Returns:: True if all rows pass, False if any row fails.
Return type:: bool

validate_row_json_schema(row_idx: int, row_dict: Dict[str, Any]) → bool[source]: Validates a single row against the JSON schema. Returns True if valid, False if invalid.

validate_cells()[source]

Checks each cell in self.df against the schema’s “properties” constraints such as: type, minimum, format, etc.

We store True in self.invalid_mask[row, col] if that cell fails.

identify_duplicates() → DataFrame[source]: Identifies rows that share the same unique_identifiers.

detect_conflicts() → DataFrame[source]: Among the identified duplicates, detects rows that have conflicting info in columns other than unique_identifiers.

verify_integrity() → DataFrame[source]: Checks for required fields, typed constraints, referential integrity, etc.

check_referential_integrity()[source]: Ensures that values in self.reference_columns exist in self.reference_data.

detect_anomalies()[source]: Simple numeric outlier detection using Z-score>3 as a threshold.

run_all_validations() → Dict[str, Any][source]: Runs row-level validation, cell-level checks, duplicates, conflicts, referential checks, and anomaly detection.

Mapping Module

class src.mapping.OntologyMapper(config_source)[source]

Bases: object

CACHE_DIR = '/home/docs/.phenoqc/ontologies'

__init__(config_source)[source]

Initializes the OntologyMapper by loading ontologies from a config source.

Parameters:: config_source (Union[str, dict]) – Either: - A string path to the configuration file (YAML/JSON) - An already-loaded dict with configuration data

load_config(config_path: str) → Dict[str, Any][source]

Loads the YAML configuration file.

Parameters:: config_path (str) – Path to the configuration YAML file.
Returns:: Configuration parameters.
Return type:: dict

load_ontologies() → Dict[str, Dict[str, str]][source]

Loads all ontologies specified in the configuration file.

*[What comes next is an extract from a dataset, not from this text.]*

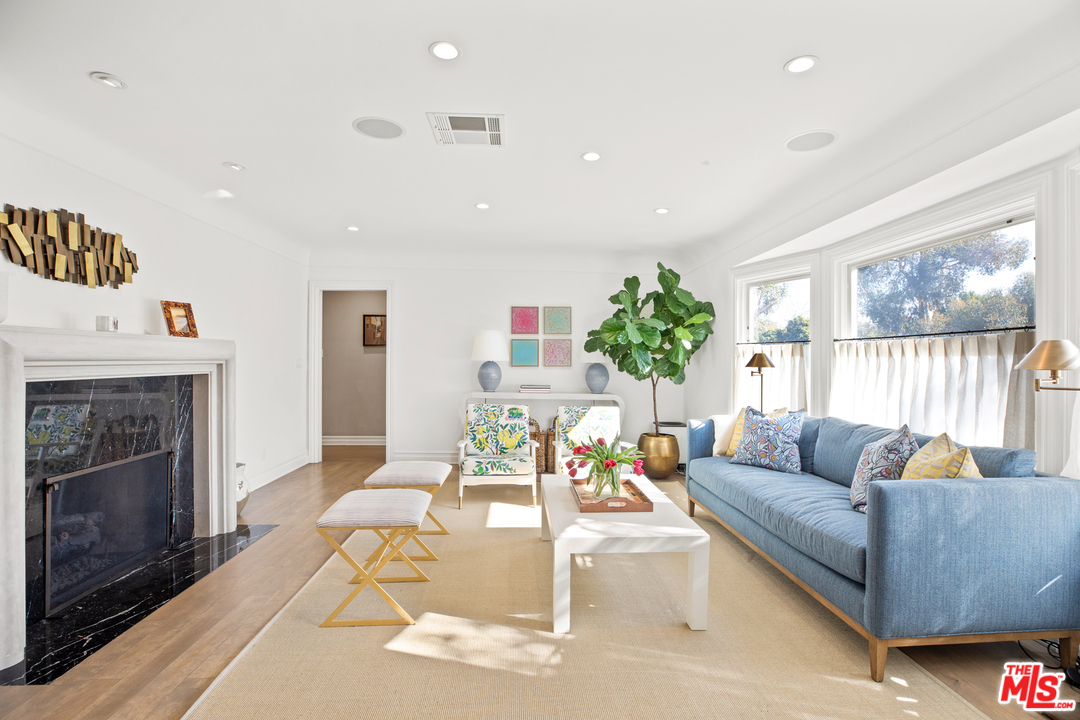 384 Dalkeith Avenue Los Angeles, CA 90049 - Photo 7 of 37 a living room with furniture fireplace and a large window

Returns:: A dictionary where keys are ontology identifiers and values are term mapping dictionaries.
Return type:: dict

fetch_ontology_file_with_cache(ontology_id: str, url: str, file_format: str) → str[source]

Fetches the ontology file from the cache or downloads it if not present or expired.

Parameters:

ontology_id (str) – The ontology identifier.
url (str) – The URL to download the ontology from.
file_format (str) – The format of the ontology file (‘obo’, ‘owl’, ‘json’).

Returns:

Path to the saved ontology file.

Return type:

str

parse_ontology(ontology_file_path: str, file_format: str) → Dict[str, str][source]

Parses an ontology file into a mapping dictionary.

Parameters:

ontology_file_path (str) – Path to the ontology file.
file_format (str) – The format of the ontology file (‘obo’, ‘owl’, ‘json’).

Returns:

Mapping from term names and synonyms to their standardized IDs.

Return type:

dict

map_term(term: str, target_ontologies: List[str] | None = None, custom_mappings: Dict[str, str] | None = None) → Dict[str, str | None][source]

Maps a phenotypic term to IDs in the specified ontologies.

Parameters:

term (str) – Phenotypic term to map.
target_ontologies (list, optional) – List of ontology identifiers to map to. If None, maps to the default ontologies.
custom_mappings (dict, optional) – Custom mappings for terms.

Returns:

Dictionary with ontology IDs mapped for the term.

Return type:

dict

map_terms(terms: List[str], target_ontologies: List[str] | None = None, custom_mappings: Dict[str, str] | None = None) → Dict[str, Dict[str, str | None]][source]

Maps a list of phenotypic terms to IDs in the specified ontologies.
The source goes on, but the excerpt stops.